This time it’s real: U.S. ready to give up control over key internet functions
Government ready to relinquish control over IANA contract.
In 2009 the U.S Government agreed to the “Affirmation of Commitments” with ICANN to set if free from U.S. control.
The press ate it up, assuming that it meant the U.S. had given up control of the internet.
The key contract that the U.S. government controls for the internet’s naming system is actually the Internet Assigned Number Authority (IANA) contract, which includes managing the root zone. That contract is awarded by the U.S.’ National Telecommunications and Information Administration to ICANN.
Signing the Affirmation of Commitments gave the U.S. government a way to say it was relinquishing control of the internet without actually doing it.

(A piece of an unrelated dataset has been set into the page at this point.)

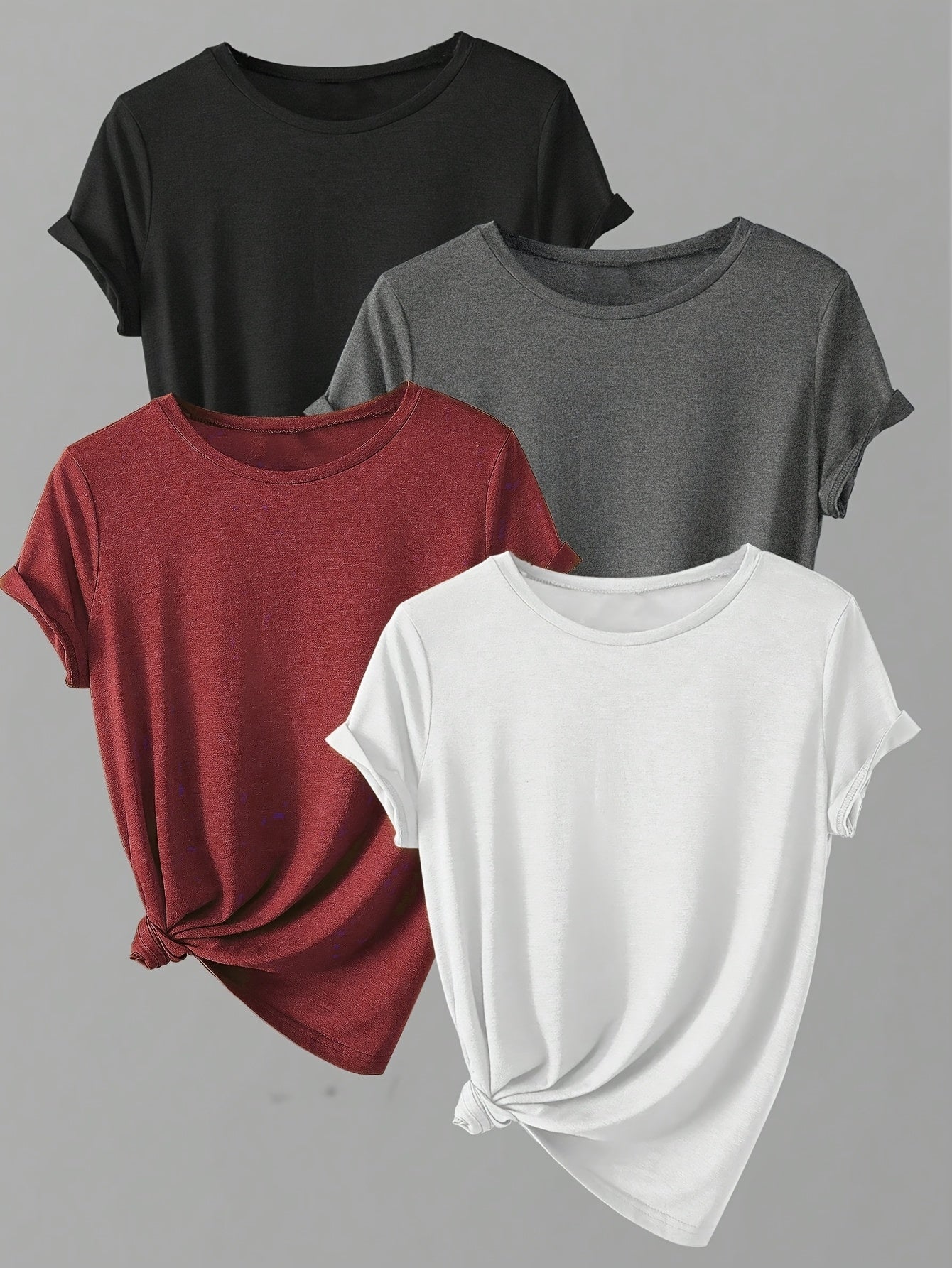 ALL DAY™️ WOMENS T SHIRTS Solid Casual T-Shirt4pcs Solid Casual Crew Neck Short Sleeve T-Shirt - Women's Clothing for Spring & Summer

It bought it time.
Now it appears the government is serious. It announced today that it’s ready to wash its hands of this key contract for managing the root zone.
ICANN’s new CEO Fadi Chehade has been pushing for more separation from the U.S. government after the Edward Snowden revelations. He has gotten his wish, but a high stakes game of poker is about to ensue. Chehade will have to tread carefully and skillfully in the coming 18 months, the unofficial deadline for coming up with an alternative to the existing contract.
The U.S. government said it won’t accept a model in which another government-led group controls these important functions. This is key, and it has been my primary concern about the power vacuum that would take place if the U.S. government bowed out.
It seems that the U.S. will have a role in deciding how the IANA functions are carried out going forward even if it’s not handing out the contract itself. It will effectively control how the hand-off occurs, even if it’s behind the scenes. The idea is the ICANN will continue to handle the IANA functions, it just won’t be the result of a government contract.
I wonder if 18 months will be enough time to figure out what is a key ingredient to the internet as we know it.